In practice, most retirees use the long-stay visitor visa (VLS-TS visiteur). This is the cornerstone of retirement in France for non-EU nationals.
It is a simple concept, but one that needs to be properly understood. This visa is designed for those who can live in France without working. You are effectively saying to the French authorities: I have sufficient independent income or savings to support myself, and I will not take employment in France.
For many Americans, that income comes from a combination of:
Social Security
401(k) or IRA withdrawals
Pension income (if applicable)
Investment income (dividends, interest, capital withdrawals)
Rental income
The application process itself is structured but manageable. You will need to provide:
Proof of sufficient financial resources
Proof of accommodation in France
Private health insurance valid in France
A declaration that you will not work
Once granted, the visa must be validated online within three months of arrival. This step is essential, as it effectively converts your visa into your legal residence status for the duration of its validity.
There is also a shorter option, the temporary long-stay visa (VLS-T), often used by second-home owners or those wishing to spend up to six months in France without becoming fully resident. However, for a full retirement relocation, the VLS-TS visitor visa is the more appropriate route.

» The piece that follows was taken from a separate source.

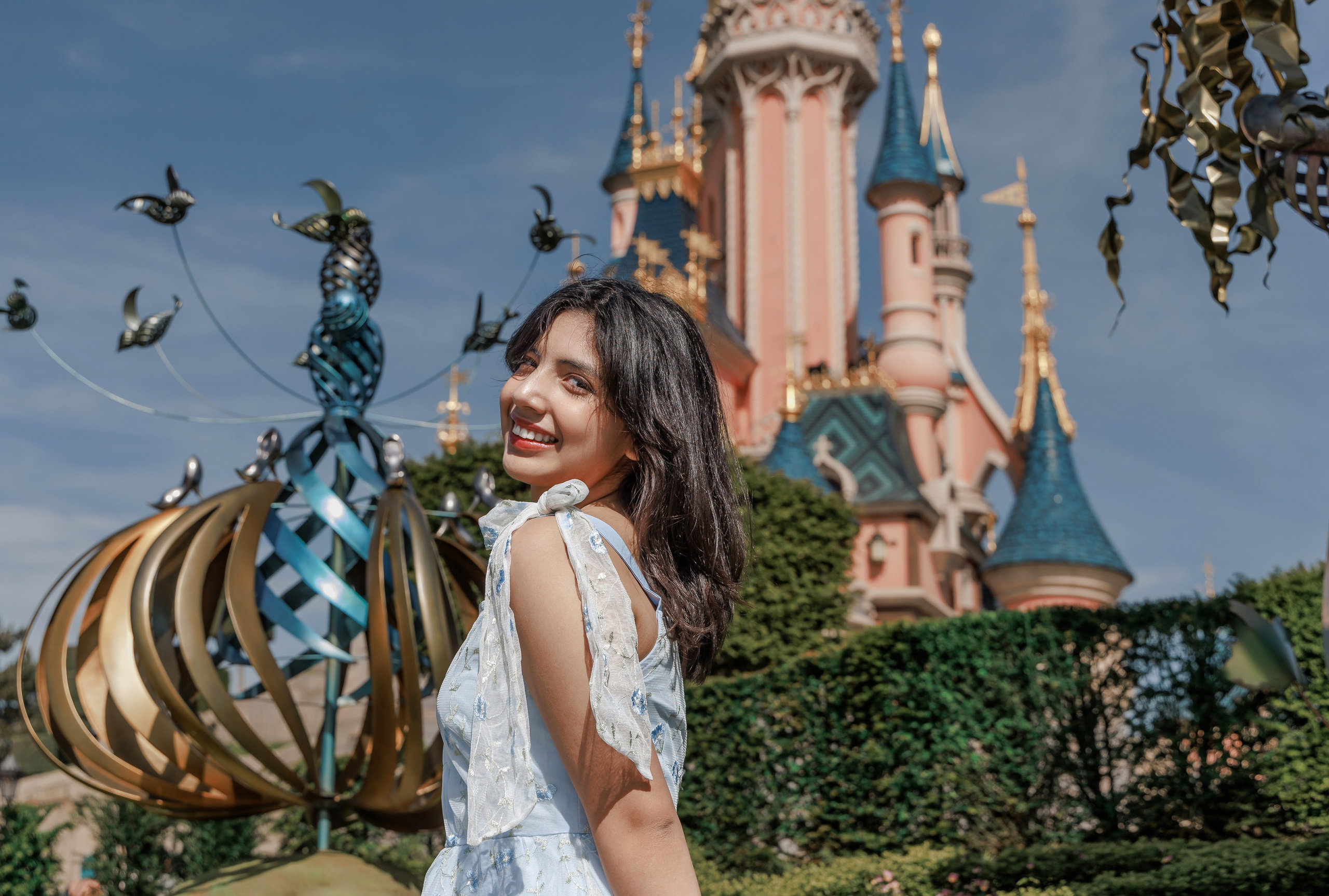 Magical Solo Photoshoot in Disneyland: Photos & Reels. Photographe à Paris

One important consideration for Americans is that changing status later can be complex. If you arrive on a non-working visa but later decide to run a business, consult, or generate income locally, you cannot assume that switching visa categories will be straightforward. The decision you make at the beginning should reflect your long-term intentions.
Healthcare: a different route without the S1
Healthcare is often the biggest single concern for Americans considering retirement abroad, and rightly so. The US system is fundamentally different from European healthcare models, and moving to France requires a shift in both expectation and structure.
France has an excellent public healthcare system, but as an American retiree, you do not arrive with automatic access to it.
This is where the experience differs significantly from that of UK retirees. There is no S1 equivalent for US citizens. There is no mechanism by which the US government funds your healthcare in France. You must instead create your own pathway into the French system.
At the visa stage, you will be required to show comprehensive private health insurance. This is not optional. It is a core requirement of the application.
Once you are living in France, the pathway typically unfolds in stages.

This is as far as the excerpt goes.